Meet Daniel. He’s not your typical down-and-out sign-holder. He’s not looking for a handout, but a job. Daniel’s got the hustle down. He took the initiative to write a hundred cover letters for LinkedIn job applications. He’s driving 40 hours a week for Lyft to make ends meet. And then he decided, why not try something radical? So, he dressed up in his interview outfit with a hand-written poster board featuring an ad hoc want ad.

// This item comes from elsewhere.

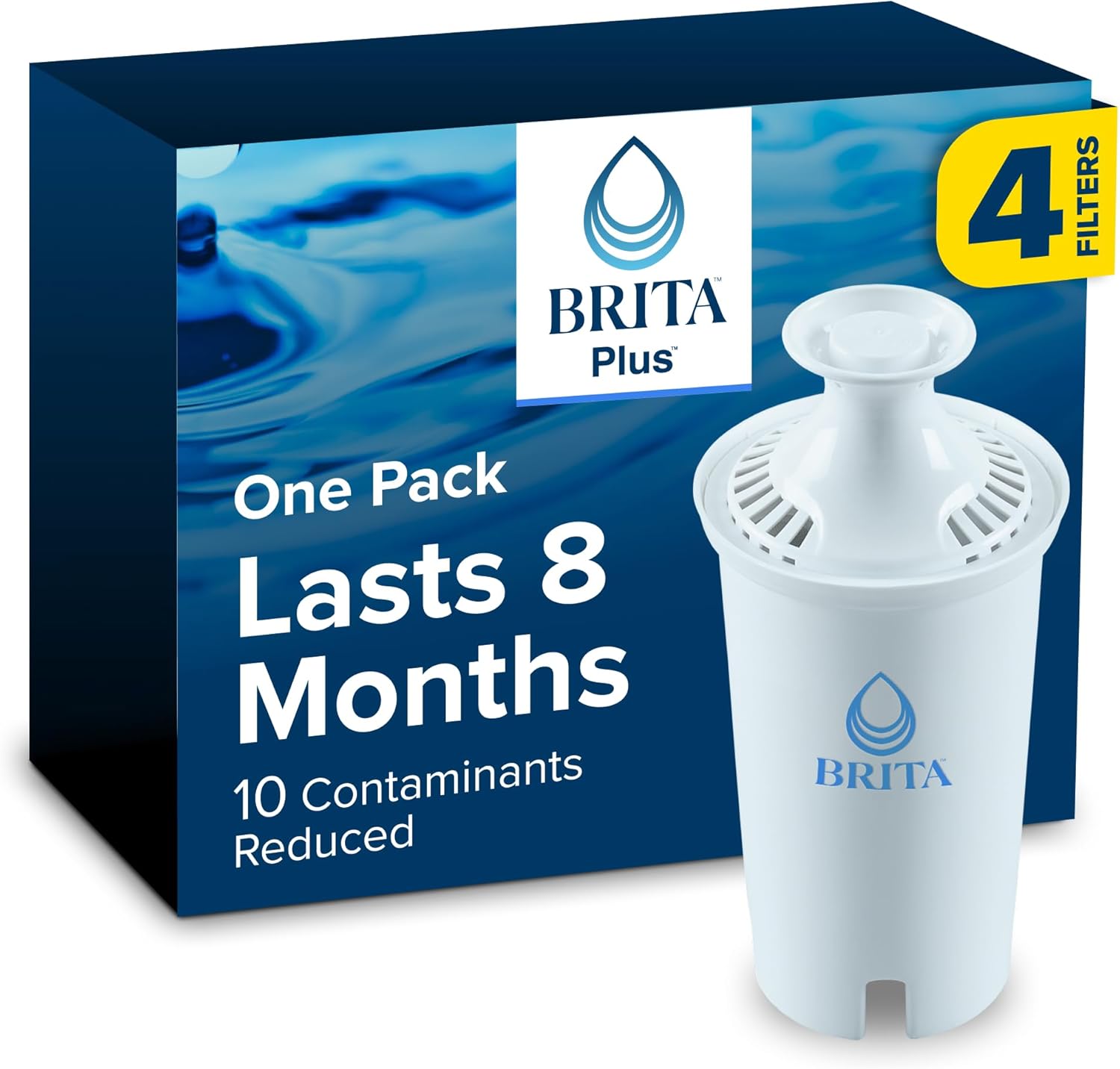 Brita Plus Water Filter, BPA-Free, High-Density Replacement Filter for Pitchers and Dispensers, Redu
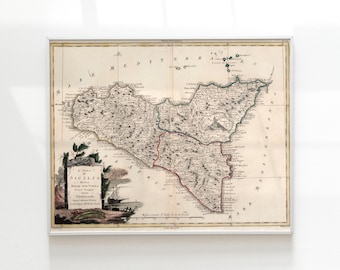 Beautiful Old Sicily Map Poster, 1782 Vintage Map of Sicily Italy, Hand Drawn Sicilia Gift Map, Detailed Historical Wall Art Poster Print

It’s a dirty little secret. Applying to tech jobs via LinkedIn can be an exercise in futility, a staring match with the big black hole of unread resumes and non-existent call backs. We came face to face with this reality last week in downtown San Francisco. In the city that lives and breathes entrepreneurs, startups, and techies, waiting for a bot to reply to your job application won’t put food on the table. Just outside the Montgomery Street BART/Muni station, we spotted Daniel and his ad:
Looking for Job!
Market Analyst – 5 yr.
Worked Abroad/Masters
Know SQL/Stats/Econ
Linkedin.com/in/DJChristen
Pitching to the Bots
Innovators might call this pivoting on a pain point. When the vaunted digital system fails, fresh approaches are the only viable strategy. Warning: None of what follows is to say that you should abandon LinkedIn. Yes, it’s the premier jobs-exchange platform where companies post jobs and professionals presumably find work. It’s a great way to grow your network. And there are plenty of tools and resources to be found. The site is replete with resume specialists and career coaches who will help whip your profile into shape to optimize results – for a fee. They’ll tell you to pepper your CV with keywords, tailored to specific job postings, to target the machine-reading “applicant tracking systems” recruiters use to score your application. All the same, if the bots don’t pick your lucky number, what’s an applicant to do?
Sometimes, unless you want to be the tool, you’ve got to buck the system. Daniel’s girlfriend has a job at a top SF tech firm, and at first, she thought his street corner scheme crazy. Then it grew on her. “She actually thought it was cool,” says Daniel, who got his inspiration from a millennial in England who poster-boarded in London’s Waterloo Station to land a dream job. “She said it was a good idea and told me I should go for it. Because you have to think outside the box, especially in this economy.”
Yes, even in San Francisco, it pays to step out of the digital job application box. So how did his experiment go? On day one, Daniel met a lot of people and had an overwhelmingly positive experience. “‘Hit me up on LinkedIn or send me an email and we’ll talk,’” Daniel says numerous people encouraged him, adding: “Half of them have been recruiters.”
Location, Location: The Value of Place
Daniel chose this spot in the epicenter of SF’s financial district not merely for the foot traffic and the proximity to recruiting firms, but because this is where he believes he’ll one day work. He’s figured out a way to knock on doors in an age when they are frequently locked.
Daniel is bold. Well educated. He has a master’s degree in urban planning with a certificate in transportation systems, and an undergraduate degree in geography and economics. He’s worked as an analyst for the San Francisco Metropolitan Commission, and at Siemens in Germany for three years, in Business Development and Market Intelligence.
We caught up with Daniel online this week to see if anything’s changed. Turns out, a lot. He’s now got a foot in the door at Lyft’s headquarters, competitor Uber, and other tech firms where he could put his passion for transportation infrastructure to work. He’s connected with more than a dozen solid new advocates assisting with his job search. All through holding up a poster board in downtown SF and disrupting the traditional digital job search beat.
Daniel’s got smarts. He’s got guts. He’s willing to experiment and take risks. Isn’t that what startups and tech companies in SF need?